-- Dataset content follows --
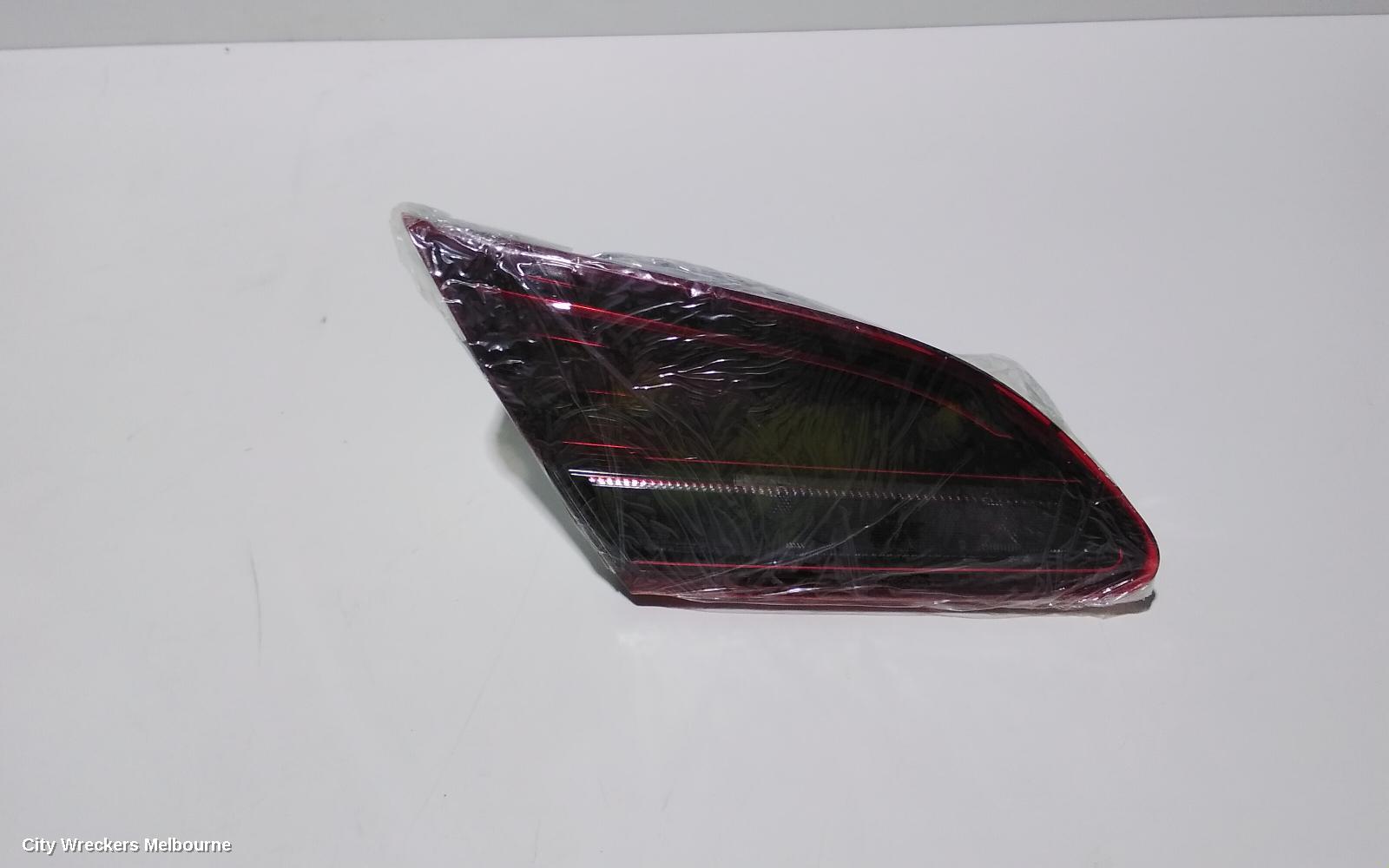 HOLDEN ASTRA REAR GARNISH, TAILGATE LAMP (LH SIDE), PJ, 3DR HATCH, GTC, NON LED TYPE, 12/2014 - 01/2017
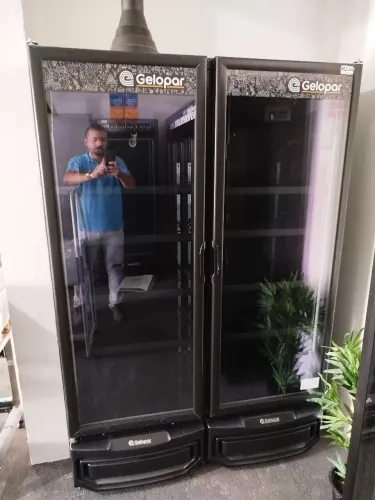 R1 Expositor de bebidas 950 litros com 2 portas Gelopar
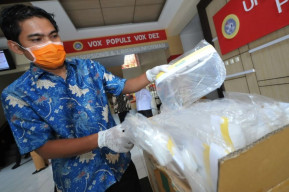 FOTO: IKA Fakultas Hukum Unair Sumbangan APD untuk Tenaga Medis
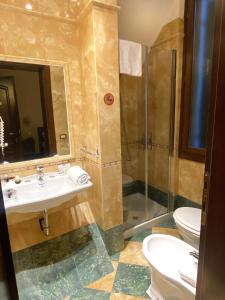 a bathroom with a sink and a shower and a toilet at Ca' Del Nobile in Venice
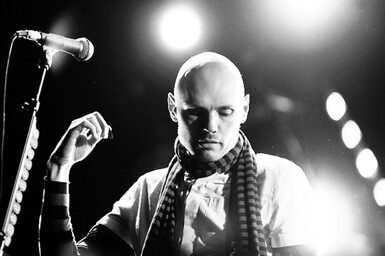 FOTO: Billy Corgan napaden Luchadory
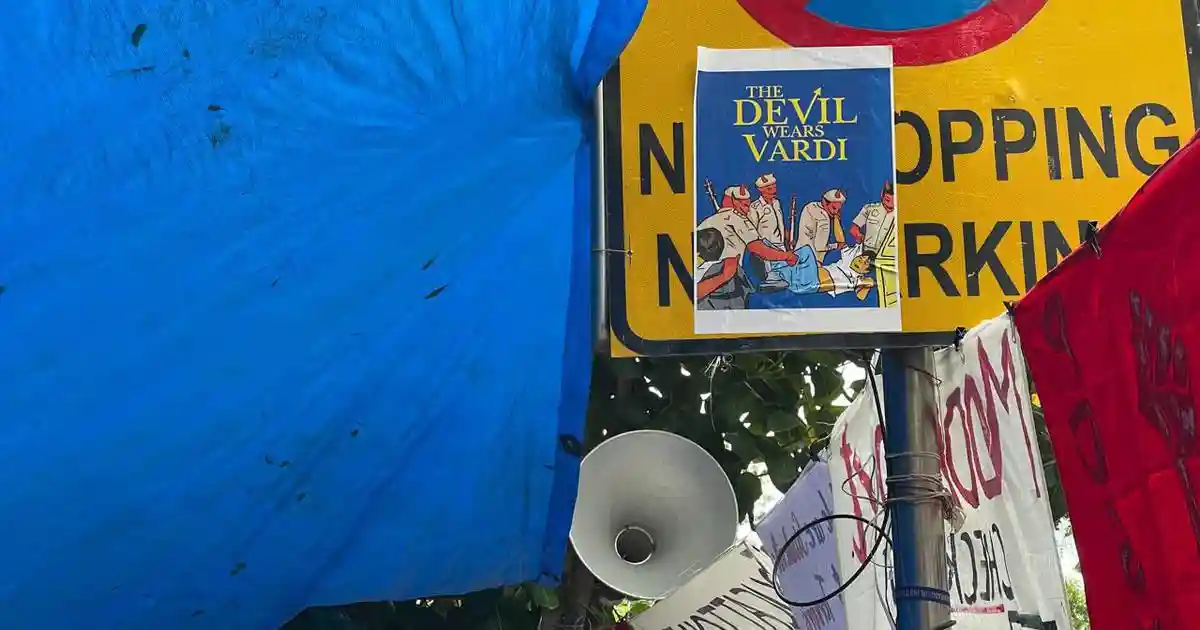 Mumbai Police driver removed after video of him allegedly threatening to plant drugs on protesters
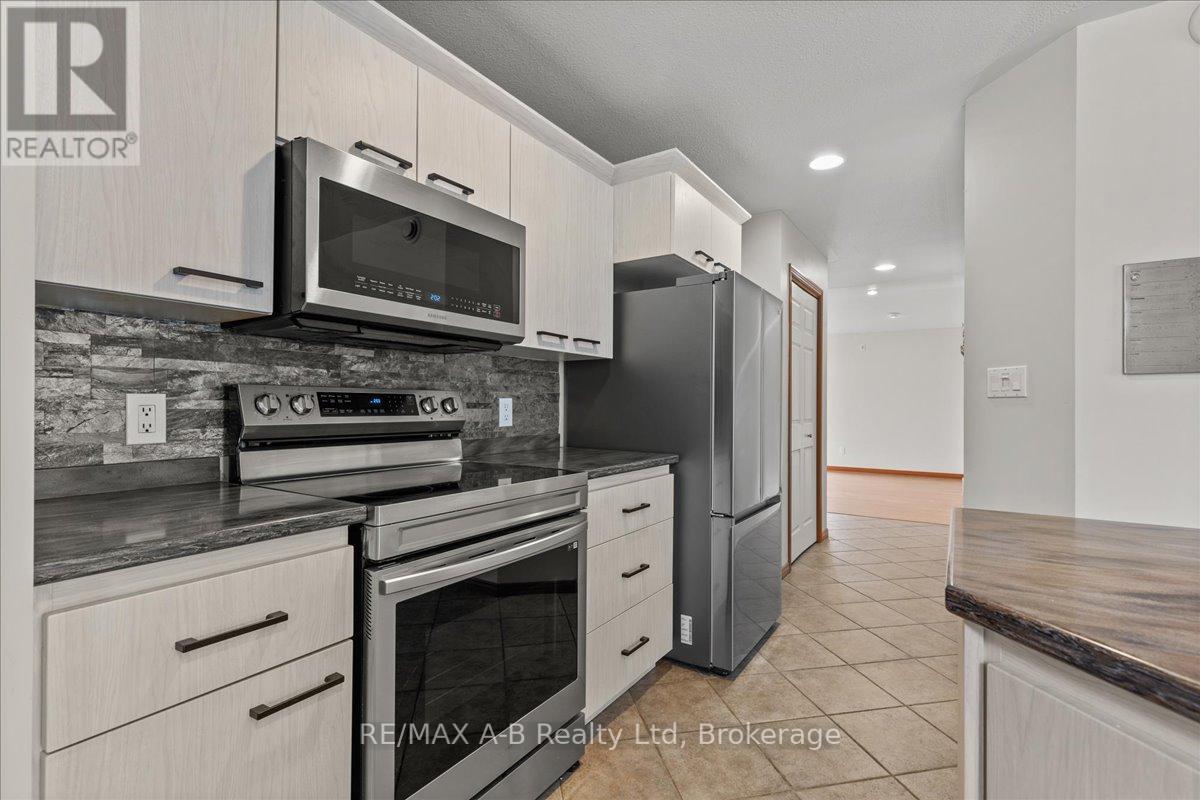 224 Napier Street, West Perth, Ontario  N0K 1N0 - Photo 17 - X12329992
-- Dataset content concluded --
Your copy should hold exactly the lines from the one with "Mumbai Police driver" through the end of the records, both included, and no pictures.

Output of the task =>
 Mumbai Police driver removed after video of him allegedly threatening to plant drugs on protesters
 224 Napier Street, West Perth, Ontario  N0K 1N0 - Photo 17 - X12329992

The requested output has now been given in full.